#### [TASK DIRECTIONS]
For the entries below, print exactly the lines between the line holding "61 Williamsburg Way, Thousand Oaks, CA 91361" and the line holding "2019 Jeep Grand", inclusive, and nothing else.

#### [INPUT]
══════════════════════════════

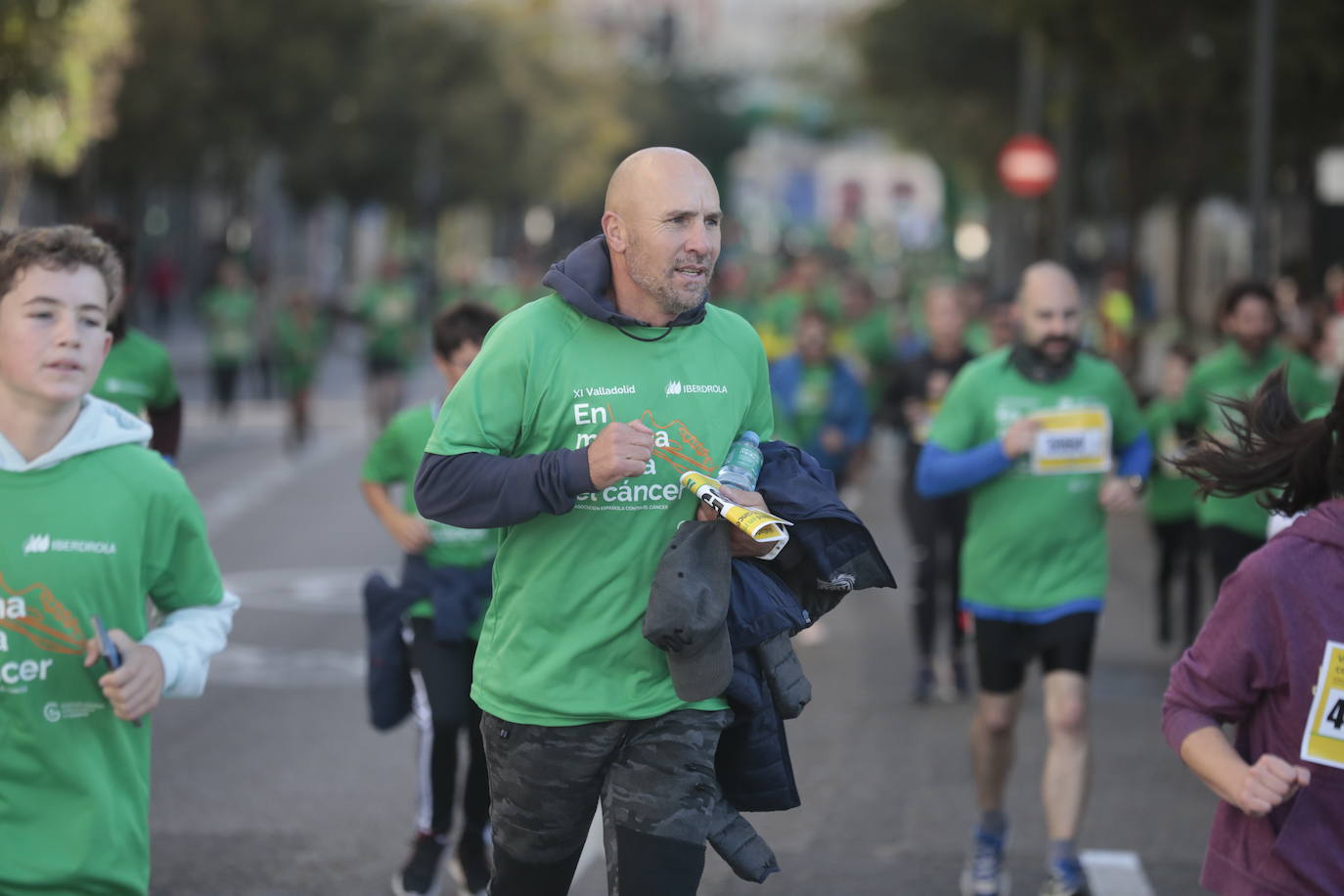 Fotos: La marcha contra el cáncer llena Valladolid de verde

══════════════════════════════

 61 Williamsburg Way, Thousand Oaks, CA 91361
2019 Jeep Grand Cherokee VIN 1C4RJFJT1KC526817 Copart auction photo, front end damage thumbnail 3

══════════════════════════════

#### [RESPONSE AREA]
 61 Williamsburg Way, Thousand Oaks, CA 91361
2019 Jeep Grand Cherokee VIN 1C4RJFJT1KC526817 Copart auction photo, front end damage thumbnail 3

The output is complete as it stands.